Help with Optimisation

Hi there,

I am new to using Numba, but I feel that when I implemented it, it doesn’t really speed up my code.

Perhaps have a look at my implementation and let me know if it is correct (this is the function that I call in my main script):

@njit(nogil=True)
def NB8thNumbaPC (time_array,time_steps,dis,vel,acc,F,C,K,M,a0,a1,a2,a3,a4,a5,a6,a7,Keff,FinalDis,FinalVel,FinalAcc,v,
train_start_time,X0,n_modes,mr,L,Rail_Z,IntermediateRail_Z,FinalRail_Z,FinalRail_Z_dtt,a,
Omega,Ch,gravity,rail_wheel_location_z,FinalPForce,FinalZ0,wheel_location_x,FinaldeltaZ,
rail_accel_location_1,rail_accel_location_2,rail_accel_location_3,rail_accel_location_4,
rail_accel_location_5,progress_proxy):
for i in (range(0, int(math.ceil(time_steps)))):
time = time_array[i]

    Feff = F + np.dot(C, (a1 * dis + a4 * vel + a5 * acc)) + np.dot(M, (
                a0 * dis + a2 * vel + a3 * acc))  
    disdt = (np.linalg.pinv(Keff) @ (Feff))  
    accdt = (a0 * (disdt - dis)) - a2 * vel - a3 * acc  
    veldt = vel + (a6 * acc) + a7 * accdt  # velocity
    # storing current values as next time step values
    dis = disdt
    vel = veldt
    acc = accdt
    # storing current values in final matrix
    FinalDis[:, i:i + 1] = dis  
    FinalVel[:, i:i + 1] = vel
    FinalAcc[:, i:i + 1] = acc

    # choosing when to start moving train

    # =============================================================================
    #     if time < train_start_time:
    #         X=X0
    #     elif time >= train_start_time:
    #         X=v*(time-train_start_time)+X0
    # =============================================================================
    X = X0#v * (time - train_start_time) + X0
    z_rail_atwheel1 = 0  # essential
    for k in (range(1, n_modes + 1)):
        z_rail_atwheel1 = z_rail_atwheel1 + (dis[k - 1][0] * np.sin(k * np.pi * X / L) * np.sqrt(2 / (mr * L)))

    z_rail_at_50m = 0
    for k in range(1, n_modes + 1):
        z_rail_at_50m = z_rail_at_50m + (acc[k - 1][0] * np.sin(k * np.pi * 50 / L) * np.sqrt(2 / (mr * L)))

    z_rail_at_50_005m = 0
    for k in range(1, n_modes + 1):
        z_rail_at_50_005m = z_rail_at_50_005m + (
                    acc[k - 1][0] * np.sin(k * np.pi * 50.005 / L) * np.sqrt(2 / (mr * L)))

    z_rail_at_50_010m = 0
    for k in range(1, n_modes + 1):
        z_rail_at_50_010m = z_rail_at_50_010m + (
                    acc[k - 1][0] * np.sin(k * np.pi * 50.01 / L) * np.sqrt(2 / (mr * L)))

    z_rail_at_49_995m = 0
    for k in range(1, n_modes + 1):
        z_rail_at_49_995m = z_rail_at_49_995m + (
                    acc[k - 1][0] * np.sin(k * np.pi * 49.995 / L) * np.sqrt(2 / (mr * L)))

    z_rail_at_49_990m = 0
    for k in range(1, n_modes + 1):
        z_rail_at_49_990m = z_rail_at_49_990m + (
                    acc[k - 1][0] * np.sin(k * np.pi * 49.990 / L) * np.sqrt(2 / (mr * L)))
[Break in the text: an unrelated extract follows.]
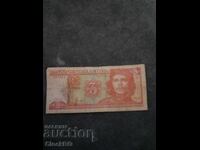Bancnotă Cuba 3 Pesos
    # populating Final Rail Displacement
    z_rail_at_x = 0
    for column, x in enumerate(Rail_Z):
        z_rail_at_x = 0
        for k in (range(1, n_modes + 1)):
            z_rail_at_x = z_rail_at_x + (dis[k - 1][0] * np.sin(k * np.pi * x / L) * np.sqrt(2 / (mr * L)))
        IntermediateRail_Z[0][column] = z_rail_at_x

    FinalRail_Z[i, :] = (IntermediateRail_Z)

    # populating Final Rail Z Acceleration
    z_rail_at_x = 0
    for column, x in enumerate(Rail_Z):
        z_rail_at_x = 0
        for k in (range(1, n_modes + 1)):
            z_rail_at_x = z_rail_at_x + (acc[k - 1][0] * np.sin(k * np.pi * x / L) * np.sqrt(2 / (mr * L)))
        IntermediateRail_Z[0][column] = z_rail_at_x

    FinalRail_Z_dtt[i, :] = (IntermediateRail_Z)

    # calculate deltaZ
    wheel1_displacement = dis[-2][0]


    z0 =0# a * (1 - np.cos(Omega * time)) / 2  #

    deltaZ = (wheel1_displacement - z_rail_atwheel1 - z0)
    # print("DeltaZ: ",deltaZ)

    # calculate P1
    if deltaZ < 0:
        P1 = 0
        # print("Lost Contact", P1)
    elif deltaZ > 0:
        P1 = Ch * (deltaZ ** (3 / 2))  # Hertzian Contact


    # update force vector for WHEEL FORCE
    F[-2] = gravity[-2] - P1
    # update force vector for RAIL FORCE #gravity[k-1] is usually 0
    for k in range(1, n_modes + 1):
        F[k - 1] = gravity[k - 1] + P1 * np.sin(k * np.pi * X / L) * np.sqrt(2 / (mr * L))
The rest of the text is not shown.